0-0, 0-4, 3-1, 0-1, 1-0, 1-4, 3-2.

 

(Where n-m indicates quantity of water in 3 and 4 gallon jugs respectively) One solution of the second problem is

8-0-0, 3-5-0, 3-2-3, 6-2-0, 6-0-2, 1-5-2, 1-4-3, 4-4-0.

 

Where n-m-l are respective volumes of milk in 8, 5 and 3 gallon jugs.

 

What do these solutions indicate? Let us discuss some important points.

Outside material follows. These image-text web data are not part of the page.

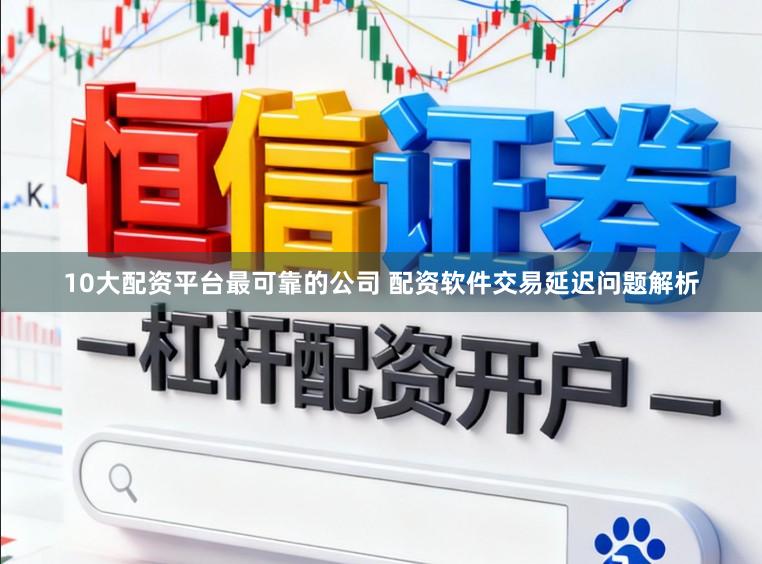 10大配资平台最可靠的公司 配资软件交易延迟问题解析
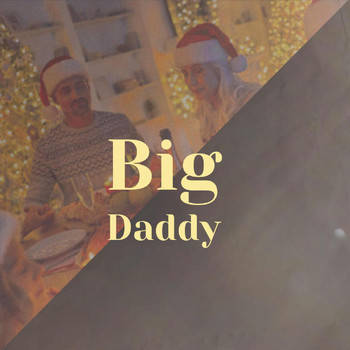 Various Artist - Big Daddy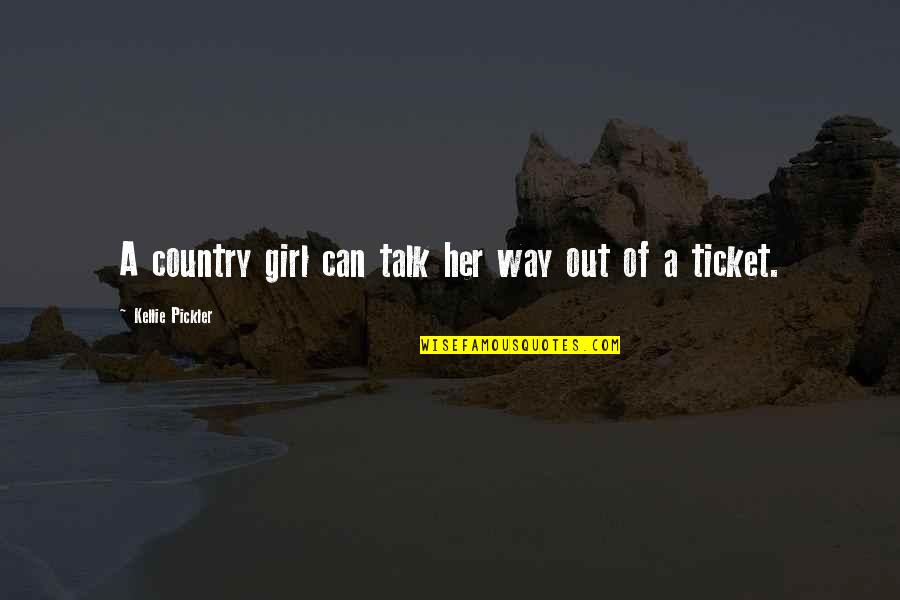 Just A Country Girl Quotes By Kellie Pickler: A country girl can talk her way out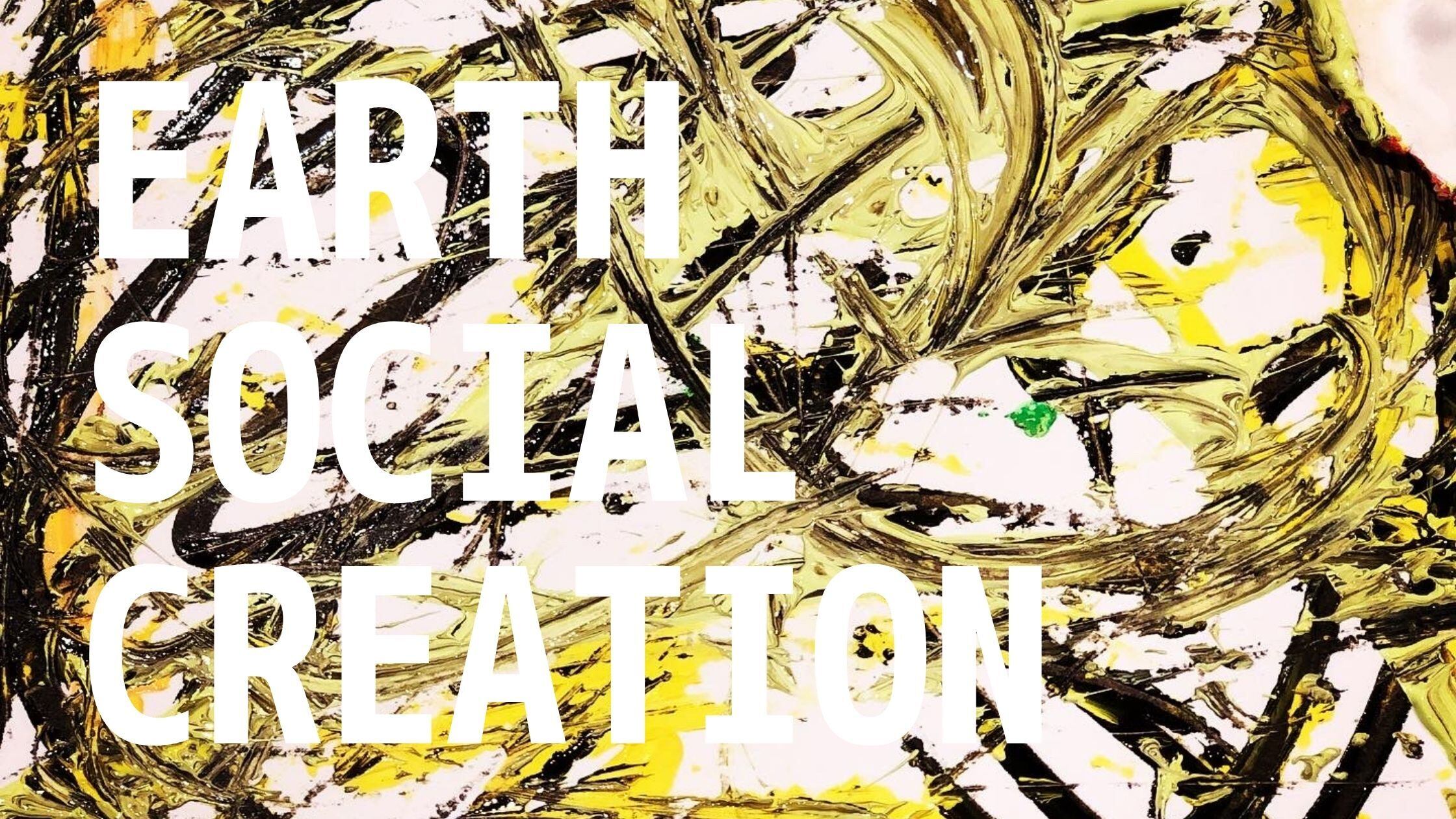 EARTH SOCIAL CREATION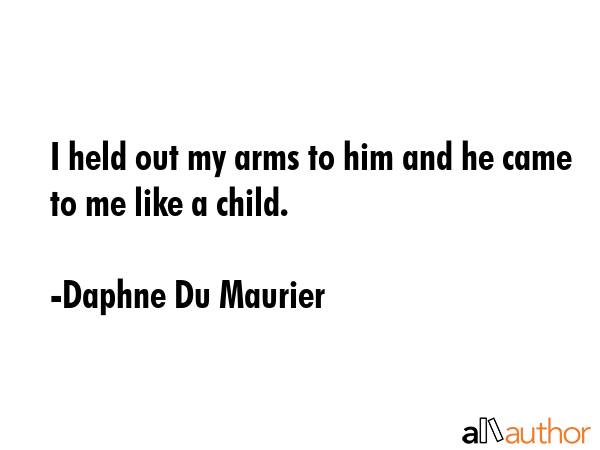 I held out my arms to him and he came to me like a child. - Daphne Du Maurier Quote GIF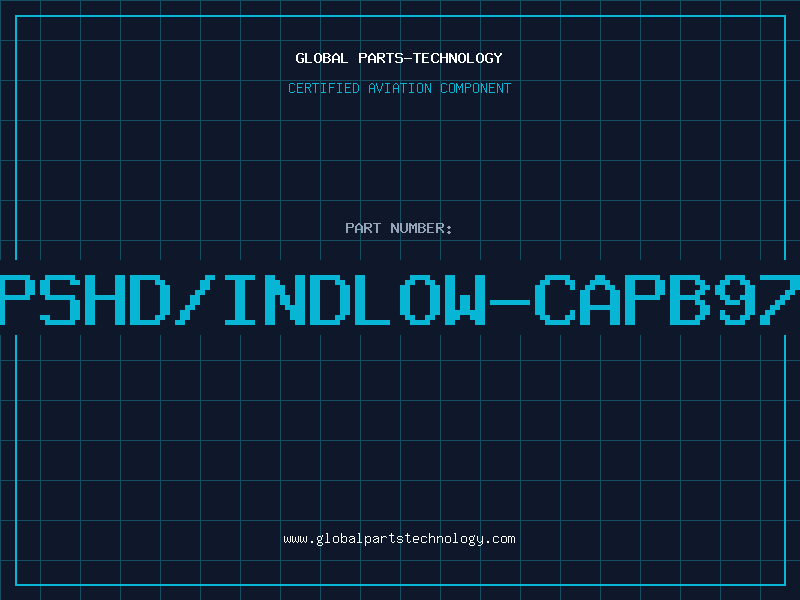Aviation Part 2411PSHD/INDLOW-CAPB9733PV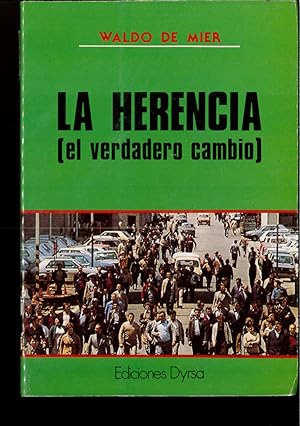 Seller image for La herencia: (el verdadero cambio) (Coleccio?n Ensayo) for sale by Papel y Letras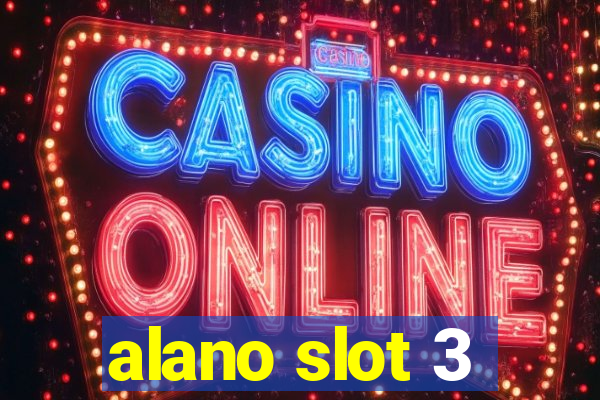 alano slot 3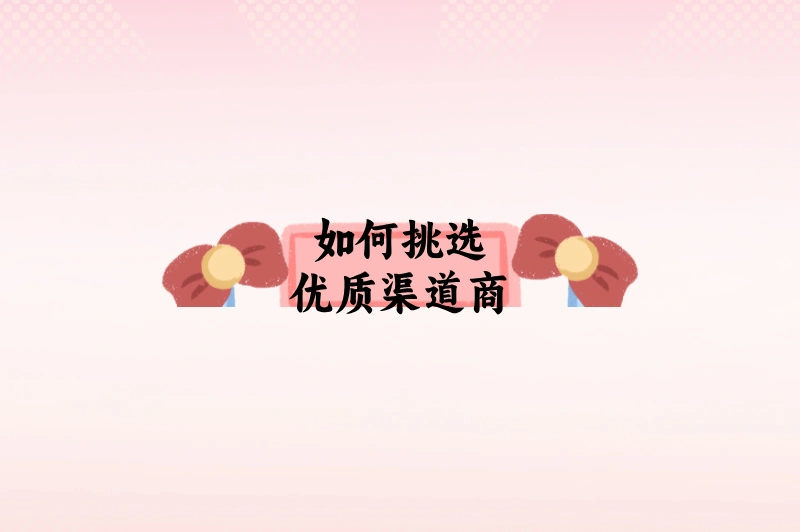 如何挑选优质渠道商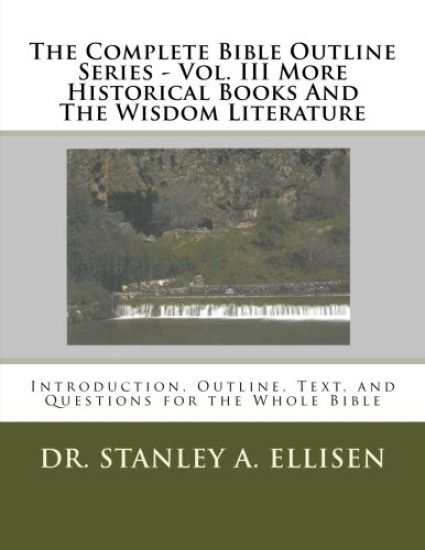 The Complete Bible Outline Series - Volume III: More Historical Books And The Wisdom Literature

1. In both cases we have an initial state which we indicate as (0,0) in first and (8,0,0) in second problem. We had a similar type of initial state in chess. The states to represent both problems are represented in form of a vector.
2. We also have a final state in both cases which we indicate as (3-2) in problem 1 and (4-4-0) in problem 2. Please note that other final states are also possible. In a game like chess, numerous final states are possible.
3. Solution is a process of moving from one valid state to another. There must be a rule for moving from some valid state to another valid state. For example we cannot move from 0-0 to 1-0 or 2- 0 as we have no other measuring device, on the contrary 0-0 to 3-0 is possible when we can pour water into the 3 gallon water jug till it is full. Check in above solution sequences; we have used all valid moves.
4. For every problem, there are some are implicit assumptions which dictates validity of some possible moves. For example, from 1-3 to 1-0 is possible in problem 1 as water can be poured out (as it is inexpensive). The milk jug problem cannot be handled that way. Finding out such implicit assumptions about any problem and code them into a move is a challenging job.
5. How each state change is chosen, or how each move is chosen over other applicable moves?For example, how we decide to move from 6-2-0 to 6-0-2? In fact we must ask two questions here, for example, what possible moves are at the state 6-2-0, and why we chose 6-0-2 from that list. However simple both questions may look like, we will soon see that answering these two questions for a real world problem is much harder. Almost all AI problems are harder than one can possibly think at the first sight. Take any middle game position in chess to check.
6. One can enumerate in both of above cases to list all valid states like (0,0)…(4,3) or (8,0,0),(5,0,3),… (4, 4, 0). One can also write a formula, for example one can write (x,y) where xE (0,4), y E (0,3) to represent the collection of states for the first problem.The collection of all possible states is called a state space. A state space can be represented using an enumeration of all states or some formula describing the same.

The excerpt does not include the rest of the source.